All hail Chalawan; the Crocodile King, and the delicious croctails and Thai-fusion eats that come with him. Or rather, the recently-opened Smith St eatery named after the croc king.
But the crocodile element doesn't stop there at the name of the venue or their cocktails, with the theme also carried out throughout the funky interior and decor of the establishment. The connection didn't click immediately but closer inspection definitely gave off the impression of being inside a crocodile, minus the arrrrrgh sensation if you were to find yourself inside an actual crocodile...
Part bar and part gastropub, Chalawan manages to wow with both their drinks (croctails all the way) and food menus, and brings something fairly unique and exciting to Collingwood's electrifying eating and drinking landscape. My encounter with Chalawan took place at their launch event and the evening kicked off with some tasty Dear Jasmine croctails. Featuring a blend of Bombay Dry Gin, pavan, banana liquey, cinnamon, citrus, Jasmine and sparkling water, the cocktail was immensely vibrant and refreshing in flavour.
We were also treated to a selection of canape servings of their regular menu and these included:
- Pla pla - Bonito Kingfish ceviche with roasted chilli jam and roasted coconut flake.
- Tom kha hoy shell - pan seared Canadian scallops with crispy mushrooms, radishes and pomegranate on frothy tom kha broth.
- Hoy tord - deep fried freshly shucked Coffin Bay oysters served with lightly pickled beansprouts, Chalawan's smoked chilli sauce and Chinese chives.
- Khai loog koey - poached, then fried, Willowzen pasture fed free range egg served with crunchy green salad, dressed with caramelised palm sugar and tamarind juice dressing.
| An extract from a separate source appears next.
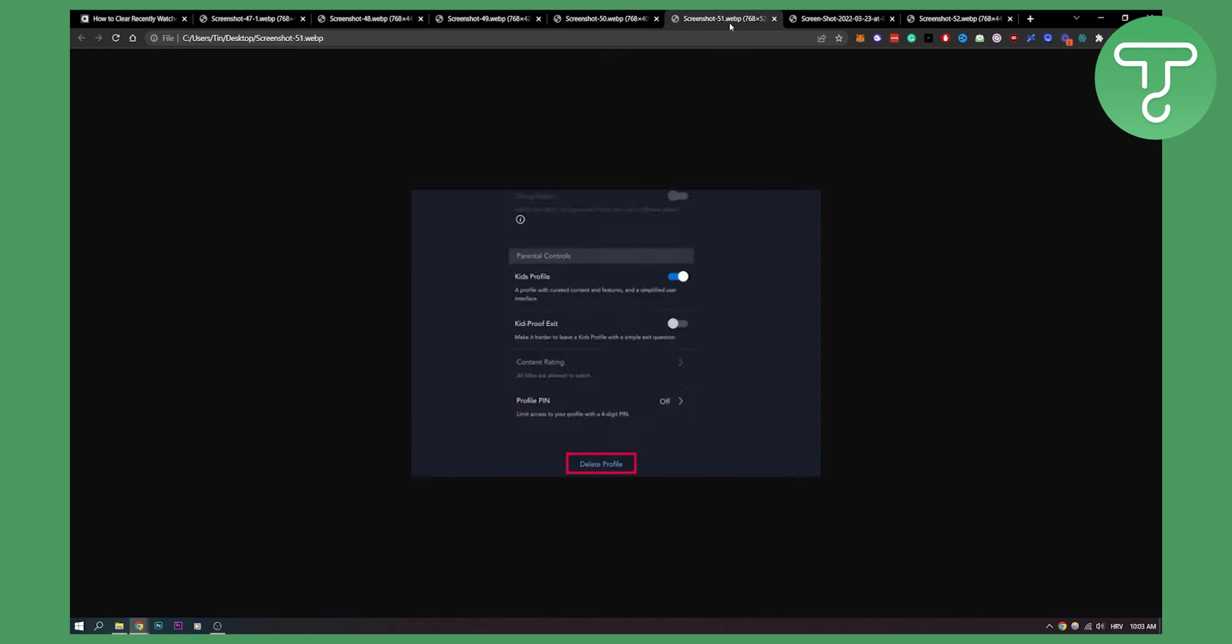Click on the pen tool and you can delete the profile whenever you want. You can watch anything you want on this profile and then delete it. No one will see your watch history this way.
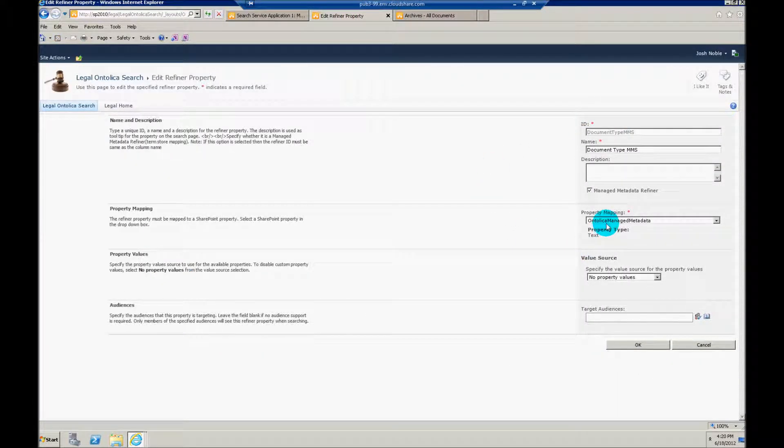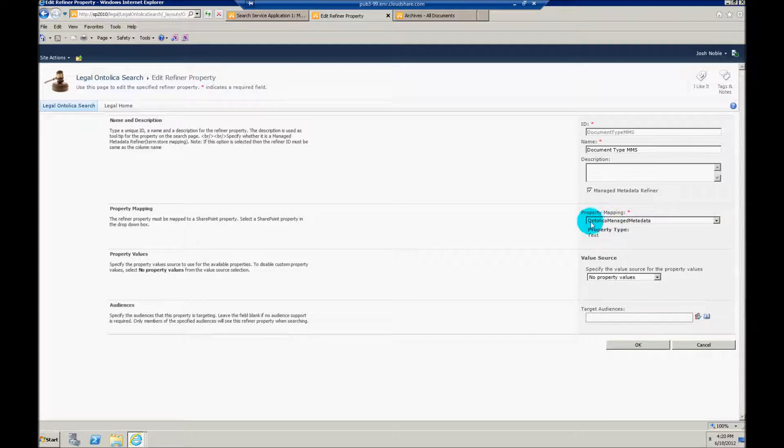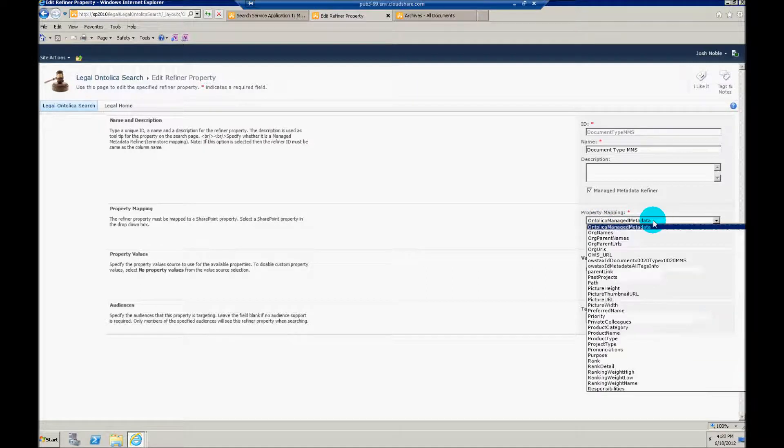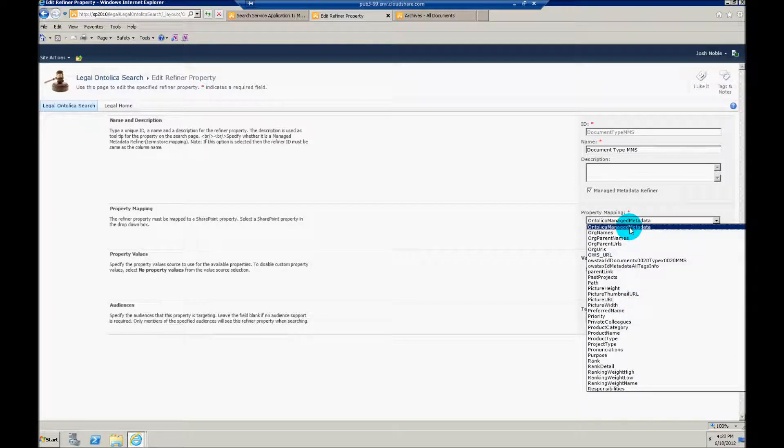Now this is also where that property mapping comes into play. Notice again, we mapped a property for Ontolica managed metadata. Again, this could be any name that you want. But make sure when you made the mapping that you use the right name here. And this is going to be used for every managed metadata refiner out there.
- Kanom jeen neua - 10 hours braised O'Connor beef cheek green curry with rambutan and Thai rice noodles.
The combination of quality ingredients and an east-meets-west vibe was a constant throughout the dishes we had tried. I'm quite picky when it comes to Thai (and Thai-fusion) food as it takes quite a bit of skill to execute that delicate balance between spicy, sweet and sour, but the culinary team at Chalawan do very well to tick this box. Favourites included the silky plump scallops teamed with a delicately battered enoki mushrooms and fragrant and spicy tom kha foam, and the fried oysters. I anticipate a return visit some time soon for the fuller version of these dishes...
102 Smith St,
Collingwood, Victoria, 3066.
(03) 9078 9532
Disclosure: I attended the launch event as a guest of Chalawan and Zilla & Brook Publicity and Production. All opinions expressed in this post are based entirely on my experience and observations made during the time of my visit.